Le palmarès de la France bleue est impressionnant : dans l’ouest, la droite reconquiert Angers et La Roche sur Yon perdues depuis 1977, mais aussi Quimper, Laval ; dans le nord, Roubaix, Tourcoing, Maubeuge ; dans l’est : Florange, Bar le Duc, Belfort, Montbéliard ; dans le sud : Pau, Toulouse, Carcassonne, Narbonne… ; la région parisienne apporte son lot de satisfactions qui font basculer le Grand Paris et la région Ile-de-France à droite : Asnières, Bobigny, Chelles, Colombes, Aulnay-sous-Bois, Le Blanc-Mesnil fief de MG Buffet, Clamart, Conflant Sainte Honorine, Saint-Ouen, Villejuif … on n’en finit pas.
A gauche, les gains sont maigres en face de pertes béantes.
Face à ce tsunami électoral, la gauche n’a qu’un maigre tribu à offrir. Grenoble gagnée par les Verts, Strasbourg sauvée par le maintien du FN, Avignon, Douai et Lourdes. A Lyon, Colomb est réélu de justesse. Le trophée qu’elle pourra brandir, c’est Paris. NKM n’a pas réussi. Il faut dire que ses « petits amis » se sont bien employés pour la faire perdre. Mais c’est une Anne Hidalgo malgré tout affaiblie qui va gouverner la capitale dans un environnement politique majoritairement hostile au sein de la métropole.
Le FN au pied du mur.
De son côté le FN peut pavoiser. Marine Le Pen peut s’enorgueillir d’avoir réussi là où son père avait toujours échoué : avec 15 villes gagnées, elle fait un score jamais atteint. Mais déjà Robert Ménard qui a conquis Béziers prend ses distances, et les principaux leaders du mouvement ont été battus. Si Marine Le Pen entend faire des villes « frontistes » des vitrines de vertu électoral, elle doit aussi s’attendre à mesure qu’elle se « dédiabolise » et gagne des voix, à ce que son parti qui accède à des responsabilités s’expose fatalement à la critique. En rejoignant les partis de gestion, le FN en essuiera les servitudes : multiplication des mécontents, vulnérabilité à l’incompétence ou aux « affaires ». Marine le Pen doit s’attendre à le voir glisser vers le pilori commun promis aux incapables, aux « pourris » et à l’establishment. Une des manières aussi de se banaliser et qui nous évitera à l’avenir les « cours de vertu » gratuits. En attendant, celle qui avait parié qu’elle ferait exploser l’UMP en est pour ses frais. L’électorat de la droite républicaine est resté très fidèle. Les gains du FN viennent surtout de l’électorat populaire transfuge de la gauche.
L’UMP révigorée.
Le moins qu’on puisse dire, c’est que Jean-François Copé a gagné son pari au-delà de toute espérance. L’union a payé, elle doit continuer. Les « affaires » ne lui ont pas nui. La lettre de Nicolas Sarkozy est venue au bon moment redonner le moral à des troupes qui commençaient à douter. Le Président de l’UMP sort conforté par un succès beaucoup plus large que celui qu’il appelait de ses vœux. Les personnalités du parti ont toutes été réélues brillamment. La nouvelle génération a marqué des points. Mais déjà s’annonce l’épreuve suivante qu’il faut aussi remporter : l’élection de nos représentants au parlement européen. Il est important de montrer par une victoire, notamment sur le FN, que la droite et le centre sont bien le chemin de l’avenir pour l’alternance dans notre pays. Il importe donc de trouver le bon discours entre souverainistes et européistes qui permette de garder la cohésion, essentielle pour gagner. Les gains engrangés permettent d’envisager plus sereinement les cantonales et les régionales, sans parler de la reprise programmée du Sénat en septembre. Il sera alors temps de penser à la suite, mais pas avant !

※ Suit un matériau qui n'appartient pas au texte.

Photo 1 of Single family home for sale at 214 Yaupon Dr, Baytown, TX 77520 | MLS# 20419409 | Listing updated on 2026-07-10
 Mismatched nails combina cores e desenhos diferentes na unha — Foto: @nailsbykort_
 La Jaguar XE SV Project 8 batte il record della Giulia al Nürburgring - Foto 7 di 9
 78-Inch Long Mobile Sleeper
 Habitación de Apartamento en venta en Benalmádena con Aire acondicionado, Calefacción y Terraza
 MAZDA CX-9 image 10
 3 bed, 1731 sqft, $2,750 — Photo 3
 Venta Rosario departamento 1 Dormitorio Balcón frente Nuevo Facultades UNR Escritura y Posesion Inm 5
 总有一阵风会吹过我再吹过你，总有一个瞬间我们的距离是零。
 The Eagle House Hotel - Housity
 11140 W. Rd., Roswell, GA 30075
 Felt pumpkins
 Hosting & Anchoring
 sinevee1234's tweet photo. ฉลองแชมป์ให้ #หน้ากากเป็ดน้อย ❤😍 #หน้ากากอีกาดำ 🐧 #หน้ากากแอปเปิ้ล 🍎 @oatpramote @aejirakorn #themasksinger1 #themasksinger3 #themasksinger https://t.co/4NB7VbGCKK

Une victoire qui oblige tout le monde.
La droite a gagné largement. Elle a raison d’être modeste. Sa victoire ne doit pas nous cacher une abstention record à 36,4% qu’il ne faut pas prendre à la légère. La déception de la gauche lui a facilité la tâche, mais elle a aussi alimenté la montée du FN et du populisme. Tant que les partis de gouvernement ne seront pas capables de réunir des majorités au-delà de 50% des inscrits, toute victoire ne pourra être que relative. Il est urgent que le « politique » redevienne crédible. Pour cela il importe que la parole des élus soit suivie d’effets. Mais pour cela, il est impératif de prendre en compte la réalité : réalité de la France endettée et suradministrée, réalité de l’Europe, réalité du monde globalisé que la visite du président chinois est venu nous rappeler fort à propos. Je ne suis pas certain que le Parti socialiste soit en mesure de le comprendre quand on voit se dessiner la tentation de la « gauchisation » de la politique du gouvernement. Ce serait oublier qu’un des principaux motifs de la défaite c’est le ras-le-bol fiscal !
Et comme une mauvaise nouvelle n'arrive jamais seule, l'annonce du déficit 2013 plus fort que prévu à 4,3% au lieu de 4,1% réduit un peu plus la marge de manoeuvre du président. Une nouvelle qui concerne tout le monde, malheureusement.